* _EXERCISE AIM_
From the listing below, extract every line containing "liquid".

[[ DATA SHOWN open ]]

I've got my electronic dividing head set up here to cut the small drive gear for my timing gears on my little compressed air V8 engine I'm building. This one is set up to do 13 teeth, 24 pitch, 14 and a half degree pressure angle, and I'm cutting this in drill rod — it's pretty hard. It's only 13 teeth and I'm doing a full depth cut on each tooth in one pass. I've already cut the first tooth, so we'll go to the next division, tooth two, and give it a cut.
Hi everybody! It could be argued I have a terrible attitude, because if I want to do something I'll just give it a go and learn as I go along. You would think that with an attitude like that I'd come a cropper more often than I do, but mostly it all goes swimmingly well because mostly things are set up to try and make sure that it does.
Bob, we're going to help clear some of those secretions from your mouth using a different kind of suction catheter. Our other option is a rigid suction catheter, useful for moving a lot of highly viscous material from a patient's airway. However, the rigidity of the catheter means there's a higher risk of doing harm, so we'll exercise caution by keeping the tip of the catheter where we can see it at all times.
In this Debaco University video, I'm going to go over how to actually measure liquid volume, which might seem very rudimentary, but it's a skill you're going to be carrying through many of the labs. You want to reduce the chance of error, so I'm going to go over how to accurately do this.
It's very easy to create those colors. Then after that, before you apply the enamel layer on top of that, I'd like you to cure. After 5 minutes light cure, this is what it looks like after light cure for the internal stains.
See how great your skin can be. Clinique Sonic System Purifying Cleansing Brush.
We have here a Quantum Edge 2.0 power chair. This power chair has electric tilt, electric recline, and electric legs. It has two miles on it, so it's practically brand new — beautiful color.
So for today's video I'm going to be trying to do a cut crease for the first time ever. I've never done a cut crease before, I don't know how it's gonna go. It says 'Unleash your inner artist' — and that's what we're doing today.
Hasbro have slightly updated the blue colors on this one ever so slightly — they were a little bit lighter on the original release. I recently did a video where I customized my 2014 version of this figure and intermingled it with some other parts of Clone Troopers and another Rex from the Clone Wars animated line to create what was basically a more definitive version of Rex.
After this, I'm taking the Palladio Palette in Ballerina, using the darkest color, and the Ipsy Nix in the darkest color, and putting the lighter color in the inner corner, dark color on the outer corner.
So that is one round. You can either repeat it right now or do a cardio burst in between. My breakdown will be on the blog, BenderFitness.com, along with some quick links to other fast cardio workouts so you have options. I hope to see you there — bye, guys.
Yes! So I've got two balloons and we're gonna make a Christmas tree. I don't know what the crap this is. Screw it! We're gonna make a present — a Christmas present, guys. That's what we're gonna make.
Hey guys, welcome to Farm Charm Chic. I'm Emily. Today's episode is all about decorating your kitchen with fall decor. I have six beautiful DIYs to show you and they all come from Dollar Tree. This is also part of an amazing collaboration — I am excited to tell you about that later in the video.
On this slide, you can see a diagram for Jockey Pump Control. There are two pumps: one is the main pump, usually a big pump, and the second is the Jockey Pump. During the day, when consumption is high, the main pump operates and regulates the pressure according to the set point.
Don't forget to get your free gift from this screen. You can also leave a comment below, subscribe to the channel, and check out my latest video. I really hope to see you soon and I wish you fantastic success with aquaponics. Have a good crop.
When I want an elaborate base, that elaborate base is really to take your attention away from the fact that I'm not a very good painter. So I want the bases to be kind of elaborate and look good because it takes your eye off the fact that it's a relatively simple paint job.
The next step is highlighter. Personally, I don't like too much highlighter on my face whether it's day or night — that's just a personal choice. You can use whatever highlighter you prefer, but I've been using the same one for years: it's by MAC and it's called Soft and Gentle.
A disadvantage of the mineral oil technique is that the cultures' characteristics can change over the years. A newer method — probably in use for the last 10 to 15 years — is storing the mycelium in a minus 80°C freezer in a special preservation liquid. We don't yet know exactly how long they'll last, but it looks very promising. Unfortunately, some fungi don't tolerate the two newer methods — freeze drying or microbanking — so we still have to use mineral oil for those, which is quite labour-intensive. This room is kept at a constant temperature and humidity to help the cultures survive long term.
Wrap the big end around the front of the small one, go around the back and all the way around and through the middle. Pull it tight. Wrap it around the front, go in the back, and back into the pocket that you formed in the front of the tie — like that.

[[ DATA SHOWN closed ]]

* _SOLUTION TO THIS EXERCISE_
In this Debaco University video, I'm going to go over how to actually measure liquid volume, which might seem very rudimentary, but it's a skill you're going to be carrying through many of the labs. You want to reduce the chance of error, so I'm going to go over how to accurately do this.
A disadvantage of the mineral oil technique is that the cultures' characteristics can change over the years. A newer method — probably in use for the last 10 to 15 years — is storing the mycelium in a minus 80°C freezer in a special preservation liquid. We don't yet know exactly how long they'll last, but it looks very promising. Unfortunately, some fungi don't tolerate the two newer methods — freeze drying or microbanking — so we still have to use mineral oil for those, which is quite labour-intensive. This room is kept at a constant temperature and humidity to help the cultures survive long term.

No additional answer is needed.